*** Exercise material Section Begins ***
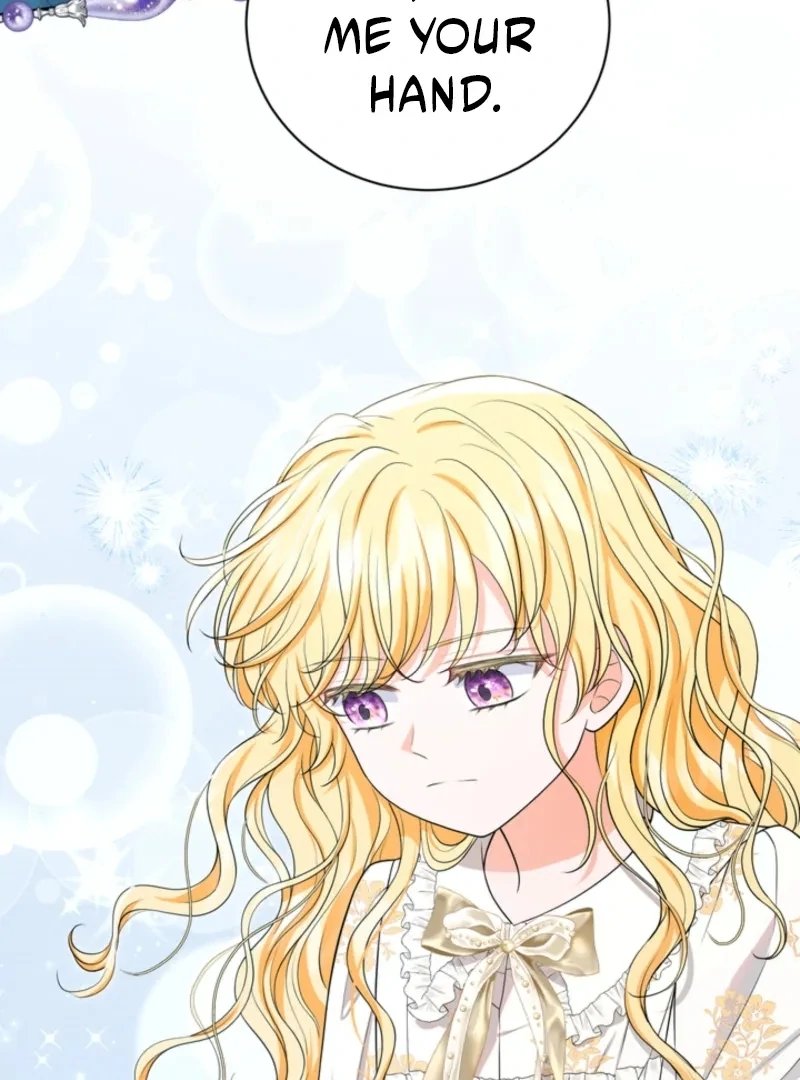 The S-Class Little Princess Is Too Strong Chapter 73 - page 14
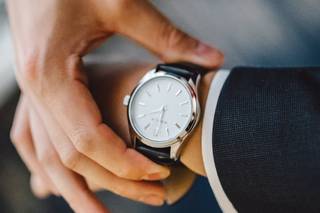 Carl Elixir Studio - 12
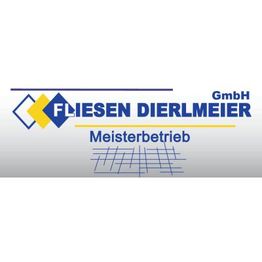 Fliesen Dierlmeier GmbH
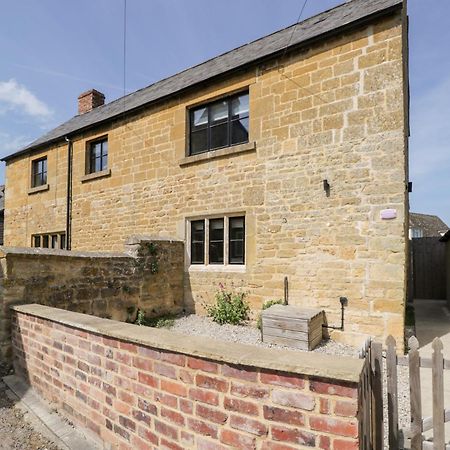 Millbank Cottage Mickleton  Eksteriør billede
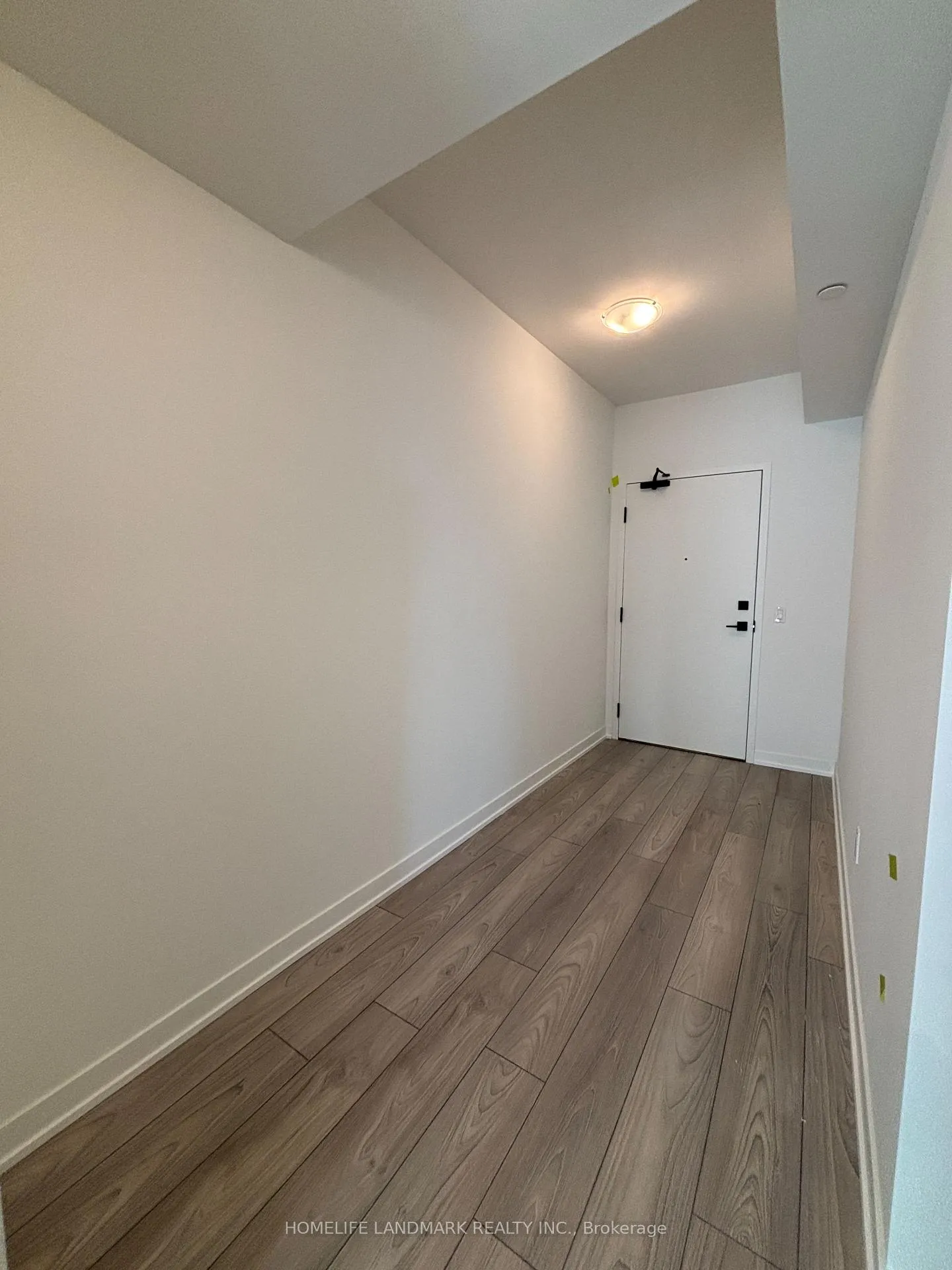 Photo 9 of Unit 2422, 498 Caldari Road, Vaughan, Concord — HOMEH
*** Exercise material Section Ends ***
● Problem description
Repeat the data exactly, dropping every picture it holds.

● Task result
 The S-Class Little Princess Is Too Strong Chapter 73 - page 14
 Carl Elixir Studio - 12
 Fliesen Dierlmeier GmbH
 Millbank Cottage Mickleton  Eksteriør billede
 Photo 9 of Unit 2422, 498 Caldari Road, Vaughan, Concord — HOMEH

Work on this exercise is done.